Hi Averell,
What you want to do is possible today but at this point is an early
experimental feature. The reason for that is that Kafka is a
cross-language Java transform in a Python pipeline. We just recently
enabled cross-language pipelines.
1. First of all, until 2.13.0 is released you will have to use the
latest master version, e.g.
$ git clone https://github.com/apache/beam
2. Setup and activate a Python virtual environment:
$ virtualenv ~/beam_environemnt
$ source ~/beam_environment/bin/activate
4. Build the Python SDK:
$ cd beam
$ ./gradlew :beam-sdks-python:buildSnapshot
$ cd sdks/python/build/
$ unzip apache-beam-2.13.0.dev0.zip
$ cd apache-beam-2.13.0.dev0
$ python setup.py install
3. Start the Flink JobServer / ExpansionServer
$ ./gradlew :beam-runners-flink-1.7-job-server:runShadow
5. Create your Python pipeline and use the ReadFromKafka transform, e.g.
options = ["--runner=PortableRunner",
"--job_endpoint=localhost:8099"]
p = Pipeline(options)
(p
|
ReadFromKafka(consumer_config={'bootstrap.servers':
'kafka_broker:port'},
topics=['myTopic'])
|
Map(lambda x,y: ...)
p.run()
6. Run your file with the python command :)
Note: If you do not set key_deserializer or value_serializer for
ReadFromKafka, you will receive the read data as KV[bytes, bytes]. That
means you have to perform decoding inside Python. If you set a Kafka
Deserializer, you can also receive the Kafka data already decoded.
However, you are limited to the coders in ModelCoders. For example, Int,
Long, KV, Iterable are supported; we also added String recently.
Hope that makes sense. Curious to see how your experiments go.
Cheers,
Max
PS: The best resources are in the doc comments of kafka.py:
https://github.com/apache/beam/blob/master/sdks/python/apache_beam/io/external/kafka.py
or here:
https://beam.apache.org/documentation/runners/flink/
https://beam.apache.org/roadmap/portability/
On 10.05.19 14:33, lvhu...@gmail.com wrote:
Hi everyone,
I am trying to get started with Python on Flink-cluster runner, to build a
pipeline that reads data from Kafka and write to S3 in parquet format.
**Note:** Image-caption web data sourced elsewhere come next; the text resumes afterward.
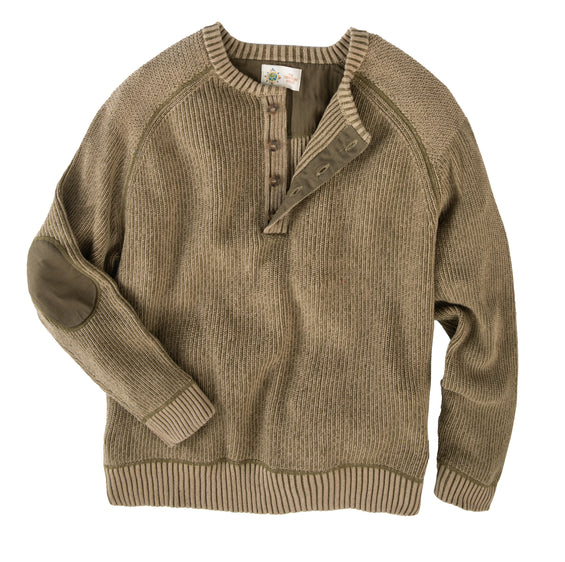 Tall Explorer Two-Tone Henley Sweater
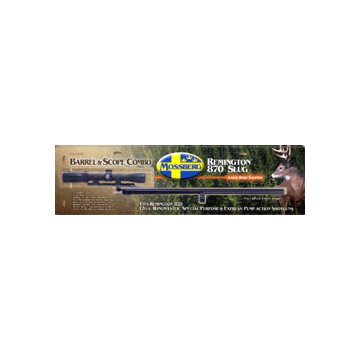 MOSSBERG BARREL & SCOPE REM870 12GA 24" TROPHY PRTD W/3-9 MAT
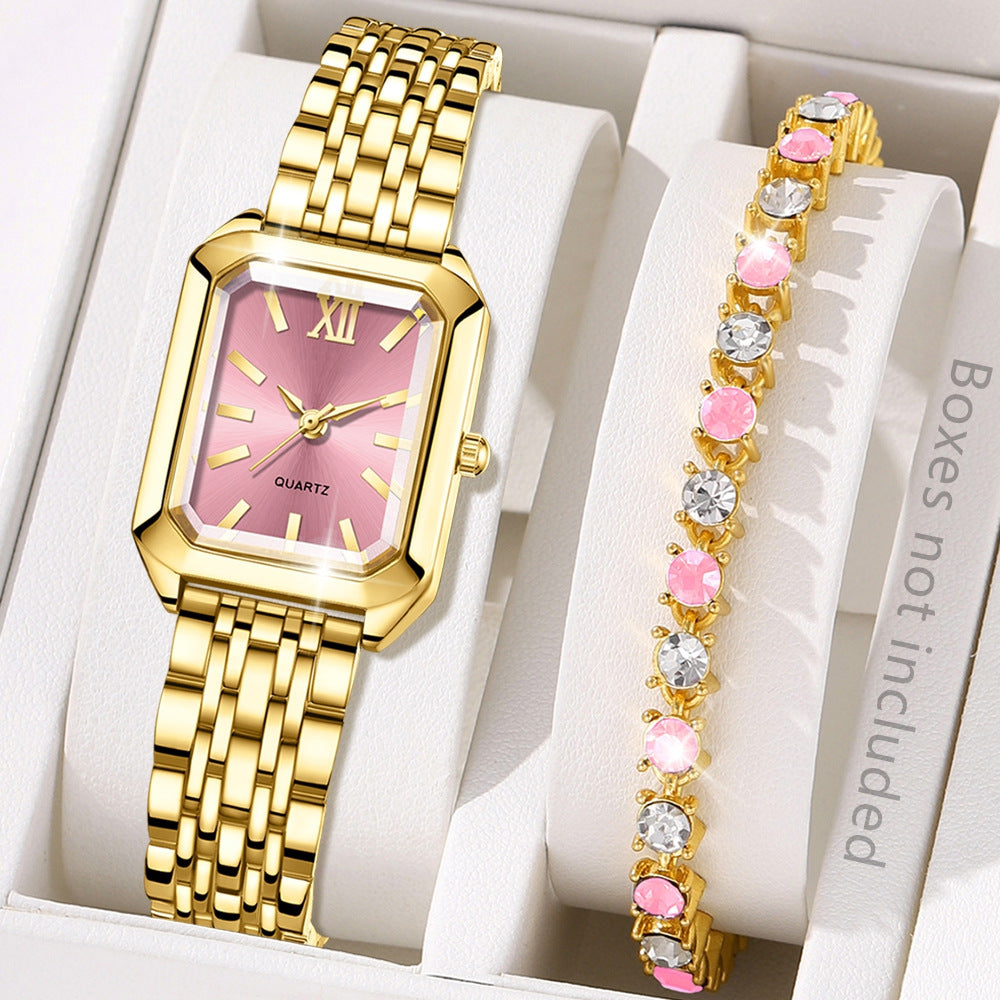 Women's Square Quartz Watch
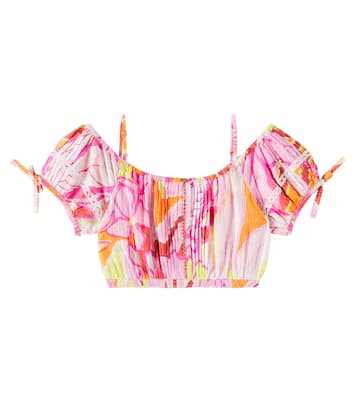 Top Bonnie in cotone con stampa | Poupette St Barth Kids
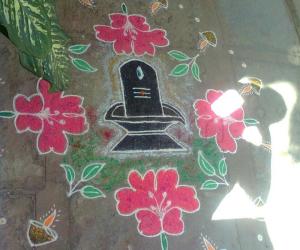 Shivaratri rangoli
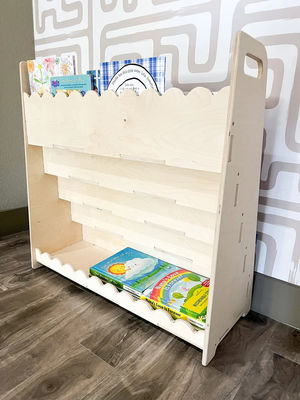 Montessori Mobiliário de madeira Presente de berçário Prateleira de madeira para função Economize espaço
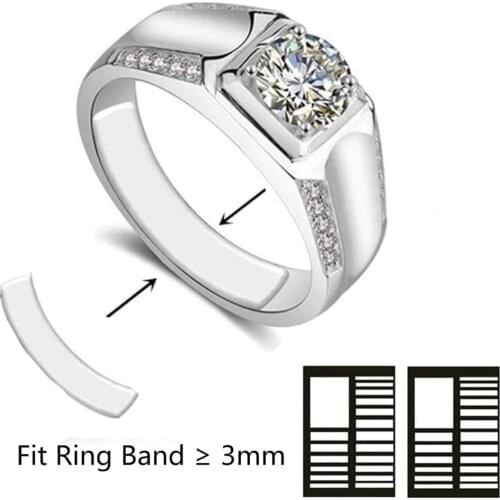 19pcs 6Sizes Silicone Invisible Clear Ring Size Adjuster Resizer Loose Rings Reducer Ring Sizer Fit Any Rings Jewelry Tools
I tried to search on Beam website, but could not find any example (even for the basic
word count). E.g, in this page https://beam.apache.org/get-started/wordcount-example/, in
all Python - Flink-cluster sections, there's no content but "This runner is not yet
available for the Python SDK."
At this point in time, is that possible to create such a pipeline? From all the
slides / videos, it seems feasible. But, could you please lead me to some
step-by-step guide?
Thanks and best regards,
Averell